La sentenza odierna ricalca quanto già stabilito in primo grado il 28 gennaio 2025. Per i giudici, non vi sono dubbi sulla colpevolezza della Russolillo né sulla natura del delitto. La difesa aveva tentato di giocare la carta dell’instabilità momentanea, ma l’impianto accusatorio, retto dal sostituto procuratore Maurizio De Marco, ha tenuto fermo il punto: si è trattato di un omicidio volontario, aggravato dalla premeditazione e dalle finalità predatorie.
La vicenda risale a tre anni fa e sconvolse non solo il quartiere di Pianura, ma l’intera comunità virtuale che segue quotidianamente Donato De Caprio, il “re dei panini” della Pignasecca, noto per il tormentone “Con mollica o senza”.
Il 18 aprile 2023, il corpo senza vita di Rosa Gigante fu rinvenuto nella sua casa. Fu proprio il figlio Donato uno dei primi ad accorrere sul posto, trovandosi di fronte a una scena di inaudita violenza. Sin dalle prime ore, i sospetti si concentrarono sulla vicina di casa, Stefania Russolillo, i cui racconti iniziali apparvero subito lacunosi e contraddittori.

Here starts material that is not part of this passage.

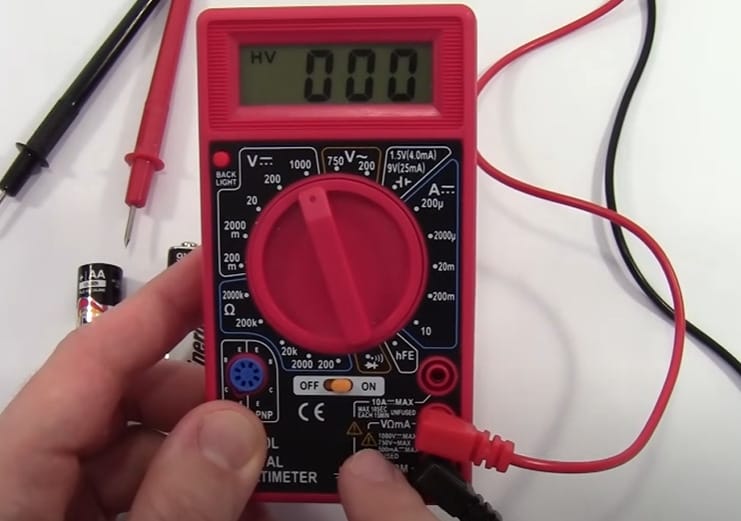 A person is using a Cen Tech multimeter to test a battery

Secondo quanto ricostruito dagli inquirenti e confermato nei due gradi di giudizio, l’imputata non agì in preda a un improvviso scatto d’ira. Al contrario, l’omicidio sarebbe stato “studiato a tavolino”.
L’obiettivo della Russolillo erano i soldi della vittima. La donna avrebbe agito con estrema lucidità e razionalità, approfittando della vulnerabilità della signora Rosa, che a causa della sua disabilità visiva non ha potuto difendersi dall’aggressione fatale. Con questa sentenza, la giustizia chiude il cerchio su una delle vicende di cronaca più dolorose degli ultimi anni, confermando che dietro la violenza non c’era follia, ma un freddo calcolo economico.